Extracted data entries
--*--
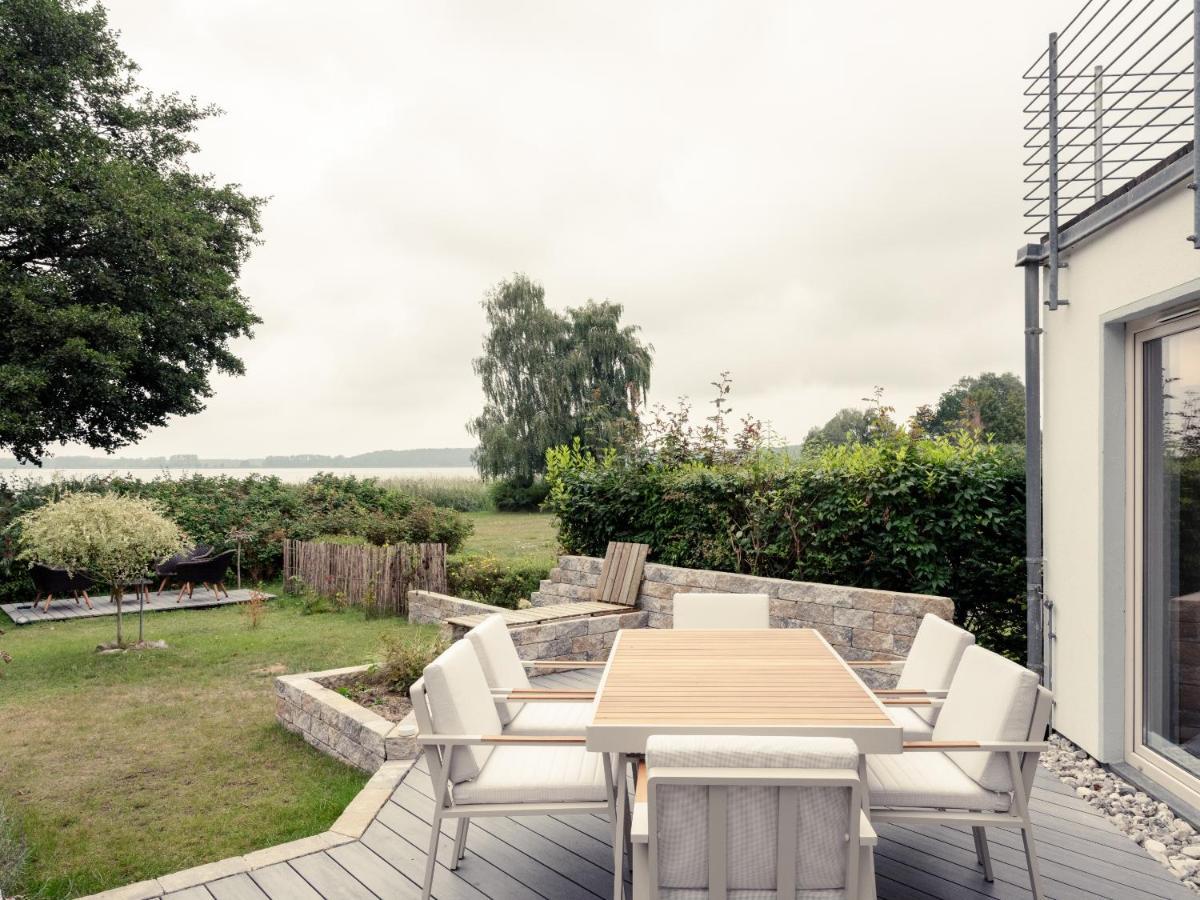 Das Sellin - Auszeit Mit Eigenem Seezugang Und Sonnengarten Heringsdorf  Luaran gambar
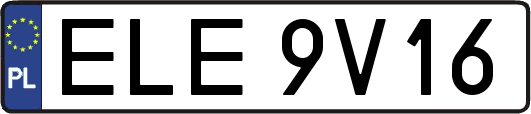 ELE9V16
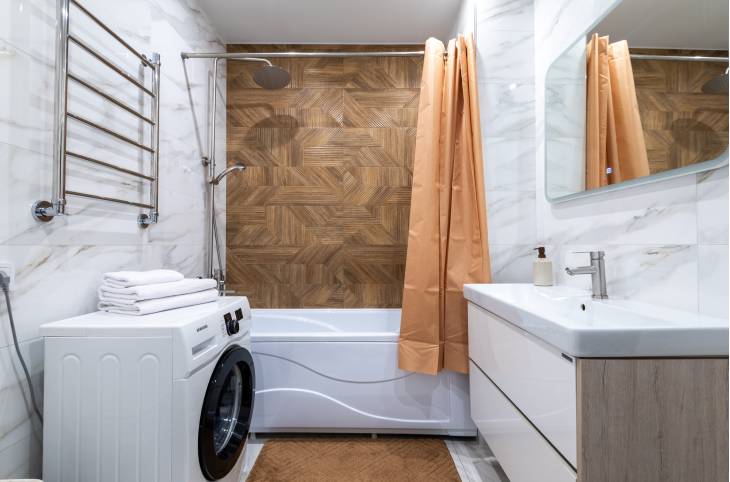 1-Комнатная квартира на сутки в  Минске,  Макаёнка ул., 12Д    изображение 16 - kvartirka.by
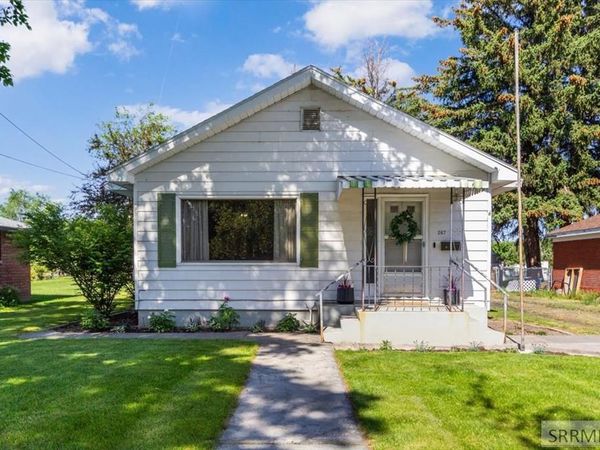267 N 3rd W, RIGBY, ID 83442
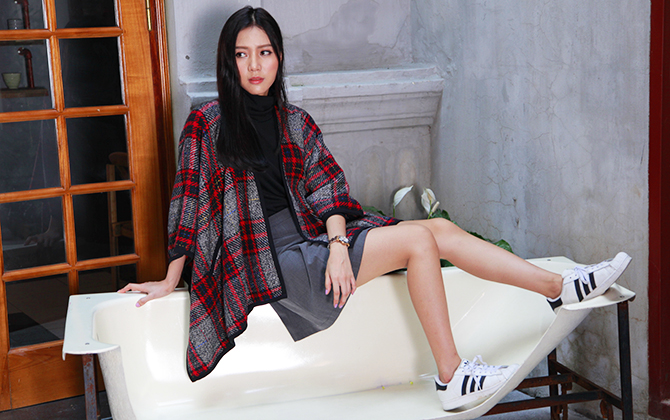 Ngỡ ngàng với phong cách hút mắt của "người yêu" Sơn Tùng MTP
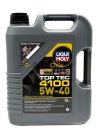 LIQUI MOLY Top Tec 4100 5w40 (5л) 7501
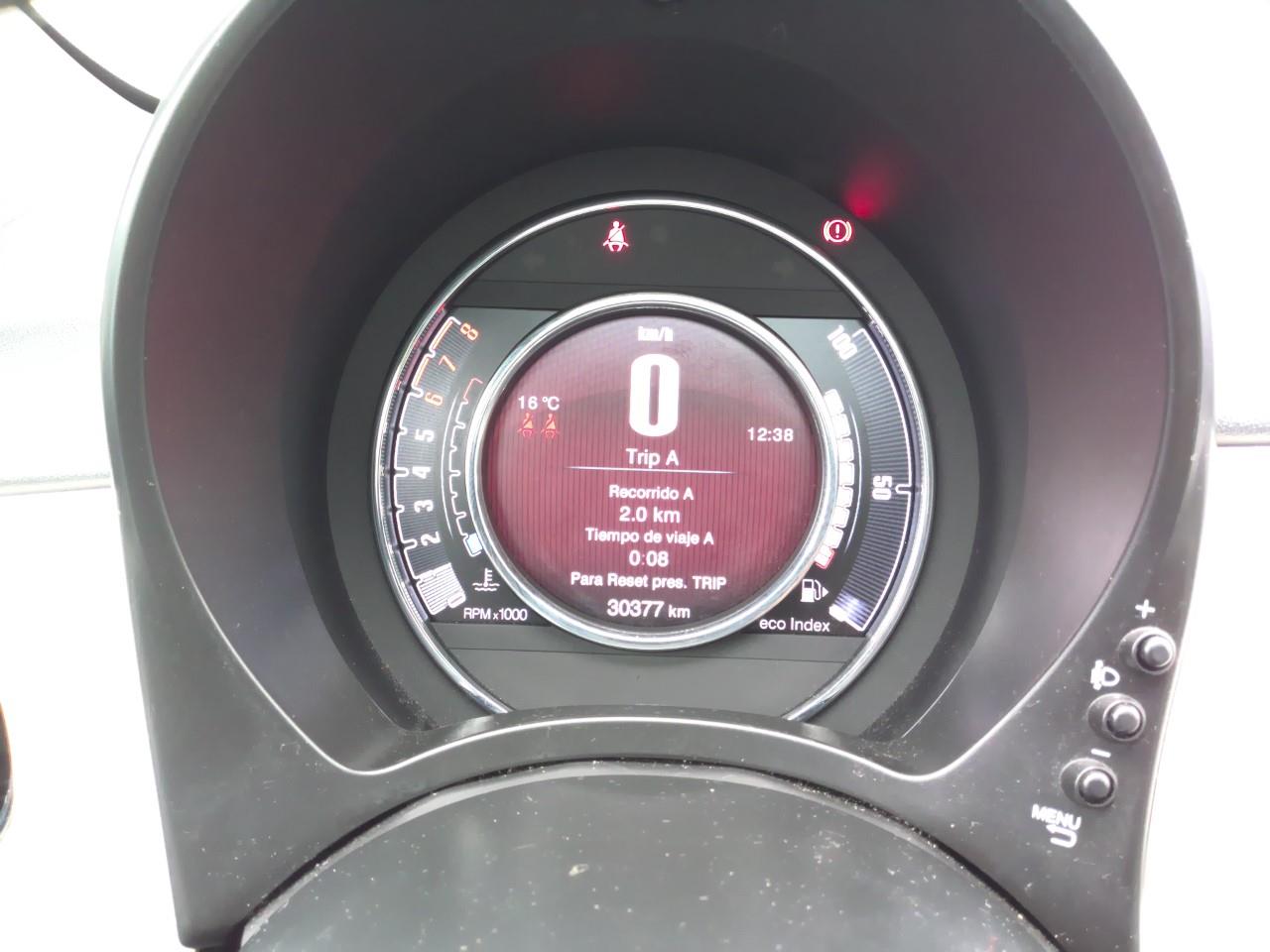Foto Fiat 500 5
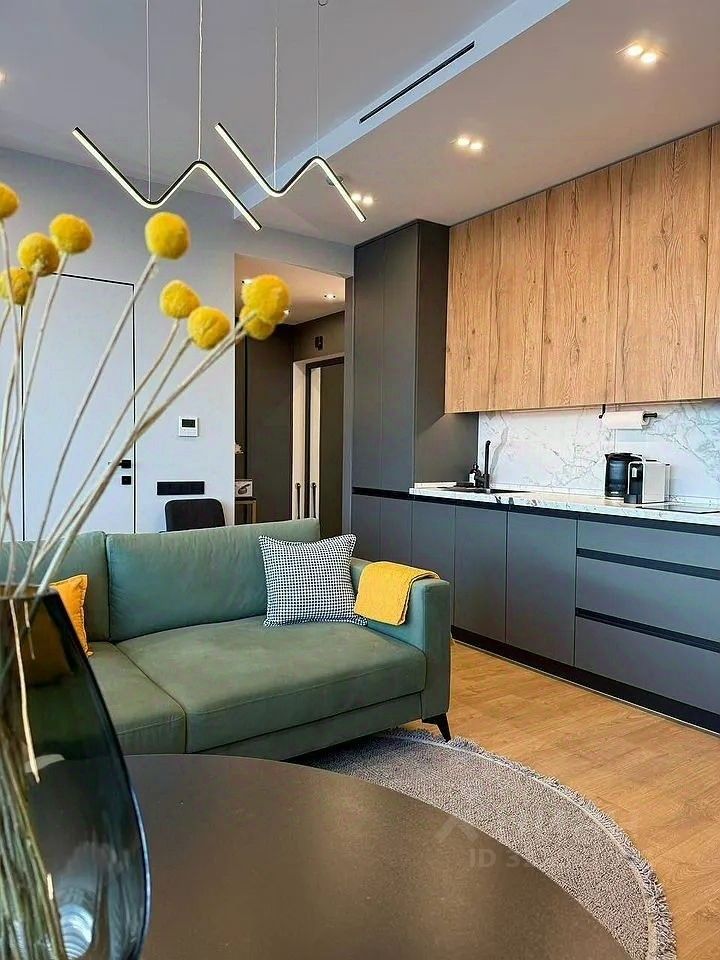 Аренда 2-комн квартиры на вторичном рынке Новоясеневский проспект, 3В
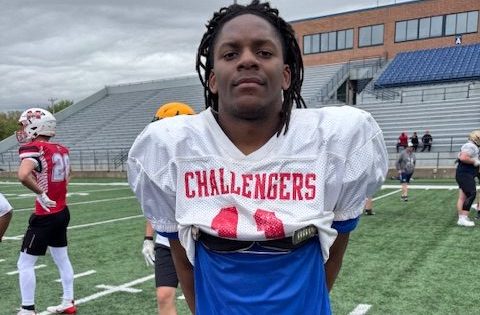 UW-Stout Prospect Camp: Nate’s RB, WR, and TE Standouts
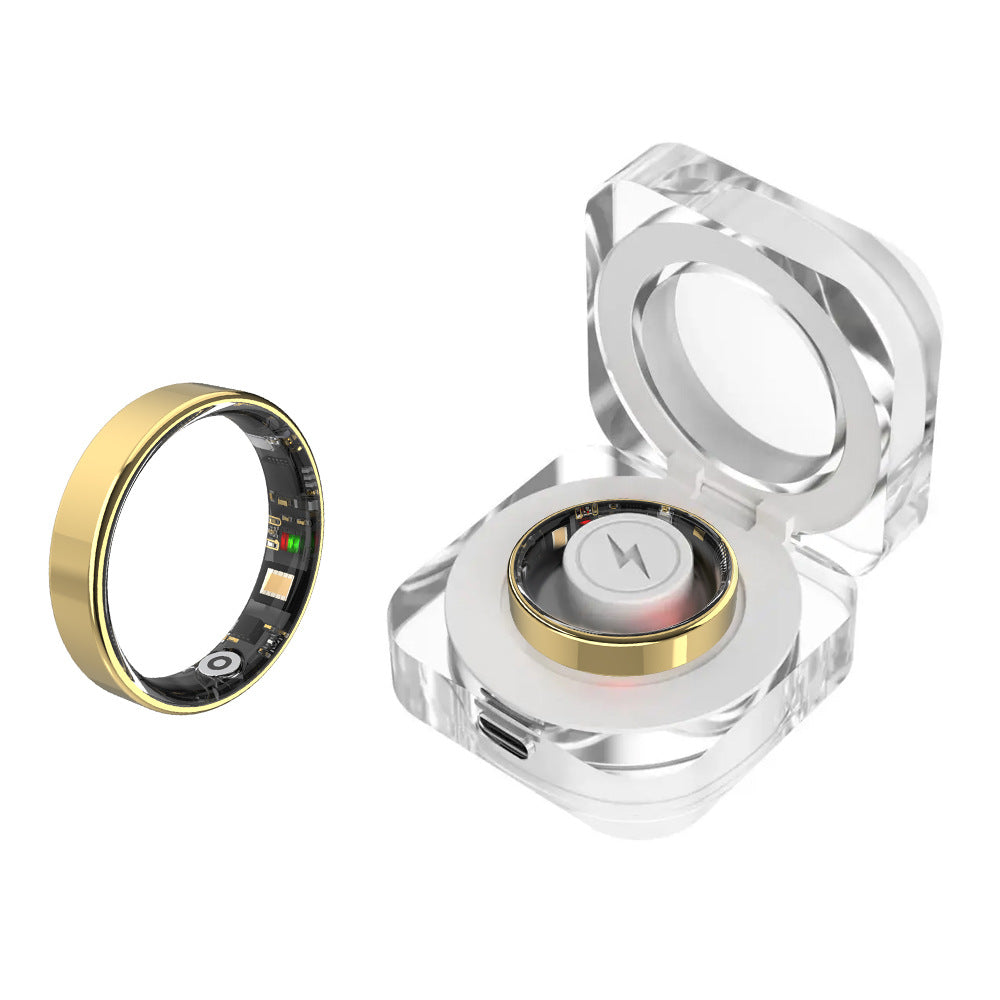 Multifunctional smart ring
--*--
## DIRECTIONS
When you copy the entries above, reproduce each line exactly and leave out any pictures.

## WRITTEN RESPONSE
 Das Sellin - Auszeit Mit Eigenem Seezugang Und Sonnengarten Heringsdorf  Luaran gambar
 ELE9V16
 1-Комнатная квартира на сутки в  Минске,  Макаёнка ул., 12Д    изображение 16 - kvartirka.by
267 N 3rd W, RIGBY, ID 83442
 Ngỡ ngàng với phong cách hút mắt của "người yêu" Sơn Tùng MTP
 LIQUI MOLY Top Tec 4100 5w40 (5л) 7501
Foto Fiat 500 5
 Аренда 2-комн квартиры на вторичном рынке Новоясеневский проспект, 3В
 UW-Stout Prospect Camp: Nate’s RB, WR, and TE Standouts
 Multifunctional smart ring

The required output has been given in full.